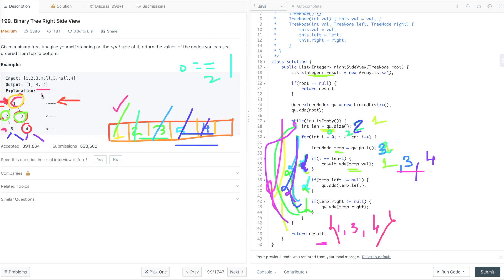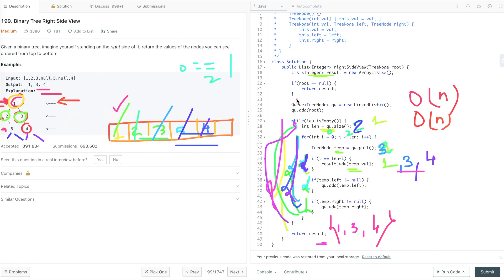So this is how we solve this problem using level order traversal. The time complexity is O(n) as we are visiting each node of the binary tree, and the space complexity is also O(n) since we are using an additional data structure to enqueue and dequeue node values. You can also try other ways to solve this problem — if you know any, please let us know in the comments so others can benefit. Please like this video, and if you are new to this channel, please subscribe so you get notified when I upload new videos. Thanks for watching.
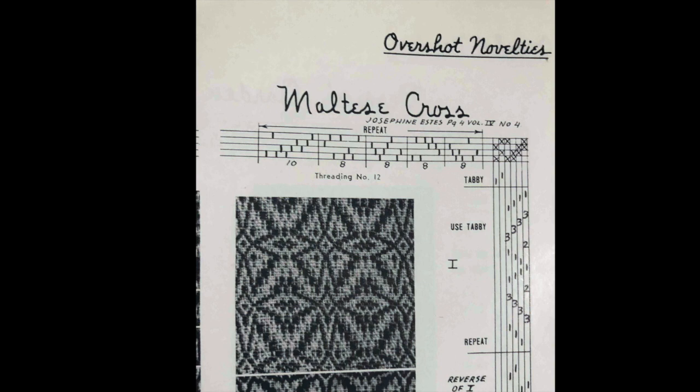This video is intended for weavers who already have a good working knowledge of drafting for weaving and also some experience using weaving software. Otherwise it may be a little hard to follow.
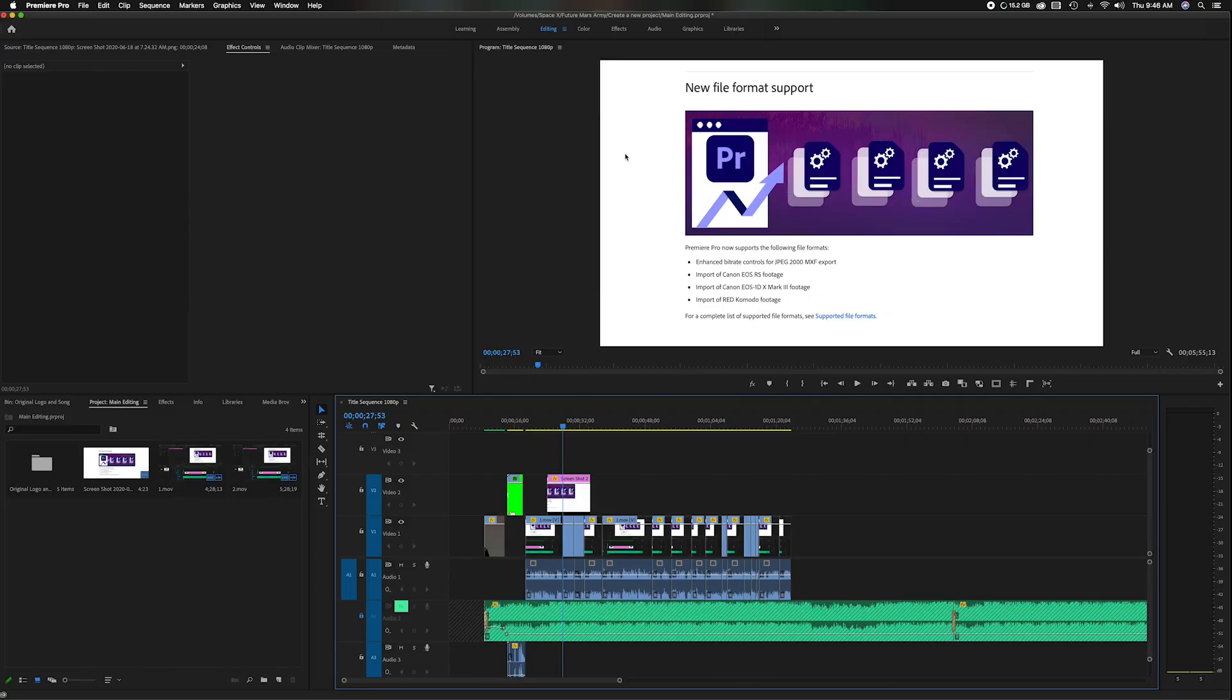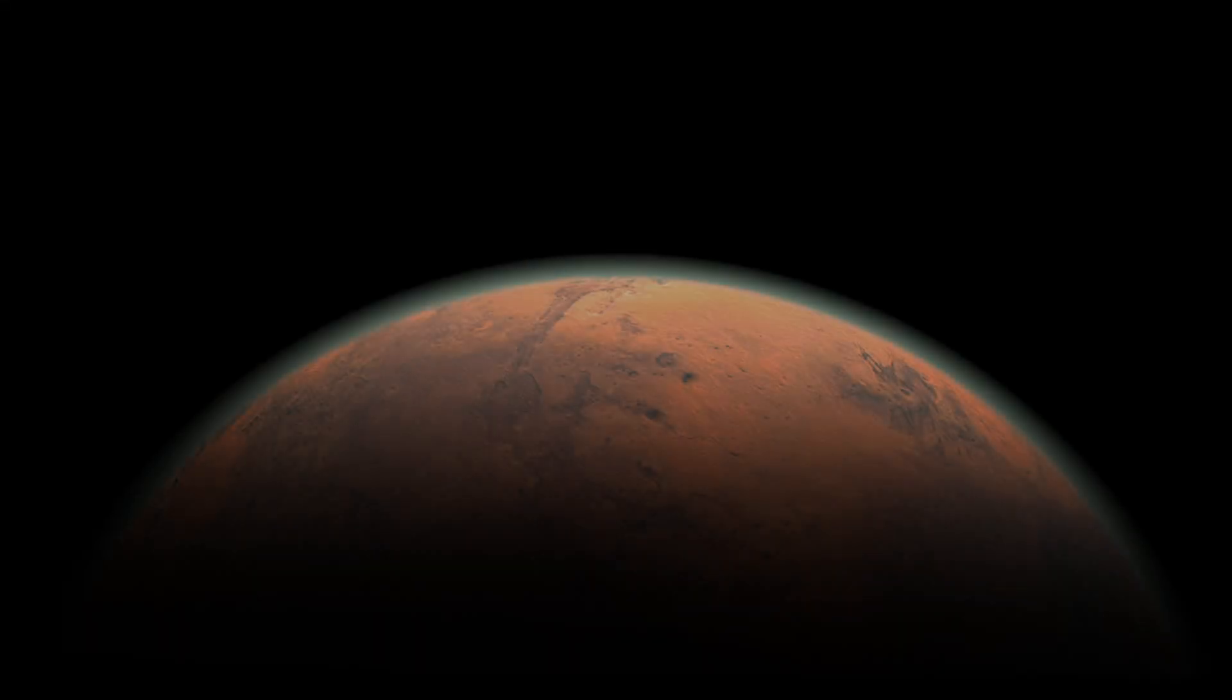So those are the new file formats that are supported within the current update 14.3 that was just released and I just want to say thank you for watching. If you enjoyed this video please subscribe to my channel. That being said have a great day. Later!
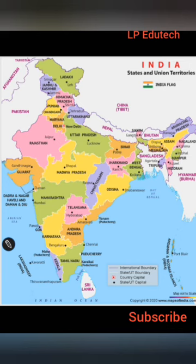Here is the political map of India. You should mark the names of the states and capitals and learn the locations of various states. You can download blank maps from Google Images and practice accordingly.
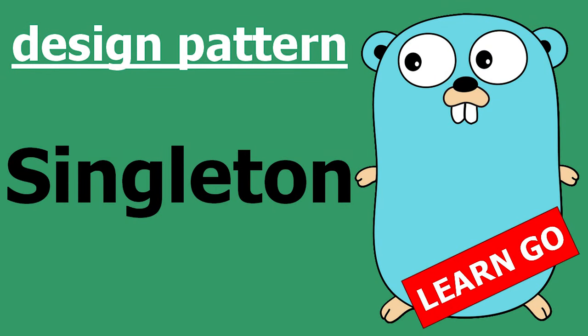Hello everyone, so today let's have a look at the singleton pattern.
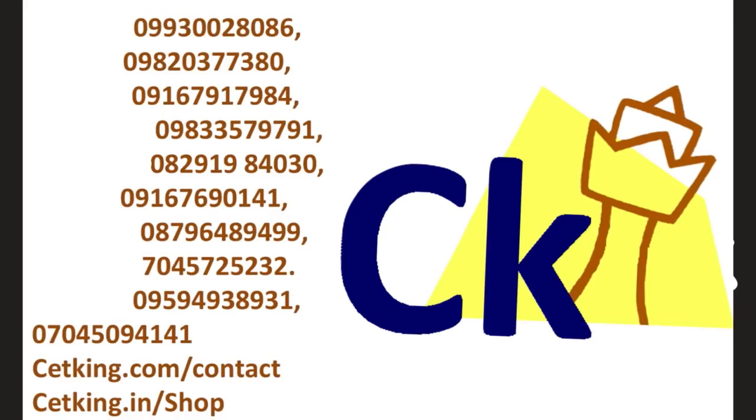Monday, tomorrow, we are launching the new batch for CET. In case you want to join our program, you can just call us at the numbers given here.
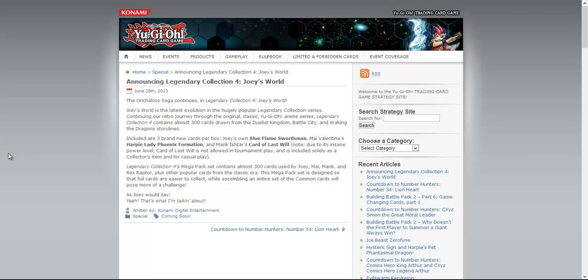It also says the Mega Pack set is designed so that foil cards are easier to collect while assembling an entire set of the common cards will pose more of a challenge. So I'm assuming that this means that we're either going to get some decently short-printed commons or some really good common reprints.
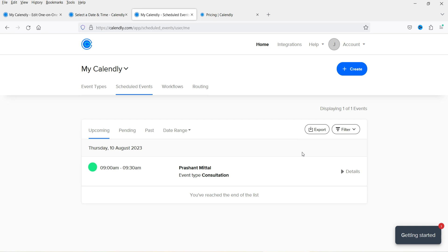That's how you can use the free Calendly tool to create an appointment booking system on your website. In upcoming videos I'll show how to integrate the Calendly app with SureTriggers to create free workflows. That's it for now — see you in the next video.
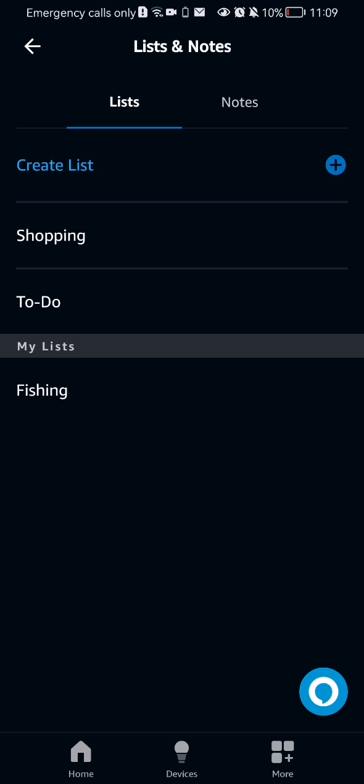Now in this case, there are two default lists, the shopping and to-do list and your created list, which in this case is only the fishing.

--- Task prompt ---
For this answer, return word for word the lines from the first line of the records through the line containing "This video is". Omit the pictures.

--- Result below ---
So this is how we solve this problem using level order traversal. The time complexity is O(n) as we are visiting each node of the binary tree, and the space complexity is also O(n) since we are using an additional data structure to enqueue and dequeue node values. You can also try other ways to solve this problem — if you know any, please let us know in the comments so others can benefit. Please like this video, and if you are new to this channel, please subscribe so you get notified when I upload new videos. Thanks for watching.
This video is intended for weavers who already have a good working knowledge of drafting for weaving and also some experience using weaving software. Otherwise it may be a little hard to follow.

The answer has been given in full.